In a tertiary care government setting, diagnostic UGI endoscopy provides invaluable services to patients who are unable to afford private alternatives. This accessibility consequently attracts a larger patient population. However, disruptions to these services due to equipment failures and maintenance issues result in detrimental consequences, such as a high volume of patient referrals elsewhere and significant adversities for both patients and their families.
The COVID-19 pandemic has further compounded the challenges in maintaining uninterrupted endoscopy services. As a result, a full recovery in service provision has not yet been achieved. Furthermore, the substantial volume of UGI endoscopies presents valuable learning opportunities for trainees seeking to develop their endoscopic skills. Thus, our audit aimed to evaluate the number of endoscopic procedures conducted over five years, identify barriers to maintaining continuous endoscopy services, and examine training opportunities available for trainees in this area.
Materials and methods
Study design
This study was a comprehensive retrospective observational analysis focusing on patients who underwent diagnostic UGI endoscopy at a government tertiary care teaching hospital. The period covered was from January 2018 to February 2023, providing a unique perspective that spans the pre-pandemic, pandemic, and post-pandemic phases of COVID-19. By examining this extended timeframe, the study could assess changes in endoscopy volume and practice patterns, offering insights into the pandemic's effects on both patient care and medical training. The study period enabled a robust comparison of how diagnostic gastrointestinal endoscopy services evolved during times of healthcare system strain and how recovery and adaptations were made post-pandemic.
Objectives
Primary Objective
The primary objective of the study was to assess the volume of diagnostic UGI endoscopies performed during the pre-COVID, COVID-19, and post-COVID periods, providing a clear comparison across these critical phases.
Secondary Objectives
The secondary objectives included: (i) to explore the availability and quality of training opportunities for medical trainees during these periods; (ii) to identify the challenges encountered in maintaining endoscopy services, particularly during the pandemic; and (iii) to investigate the common UGI symptoms observed during endoscopy and correlate them with the corresponding endoscopic findings.

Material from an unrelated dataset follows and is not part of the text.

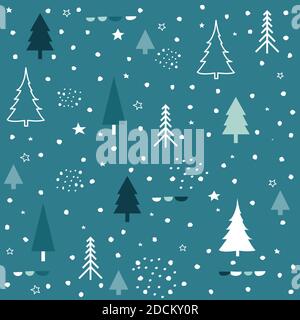 Winter forest. Christmas seamless pattern Stock Vector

Patient recruitment and procedure
Patients scheduled for diagnostic UGI endoscopy were instructed to fast from midnight prior to the procedure. The endoscopic procedures were carried out in a dedicated endoscopy suite, with local anesthesia administered via a 2% lignocaine spray for patient comfort. Procedures were routinely performed in the morning, during standard working hours, ensuring consistency in the timing of interventions.
Prior to the procedure, patient-reported symptoms were documented and informed written consent was obtained. After each endoscopy, the findings were communicated to the patient, and they were provided with a detailed report. Post-procedure, appropriate prescriptions and care instructions were given based on the findings.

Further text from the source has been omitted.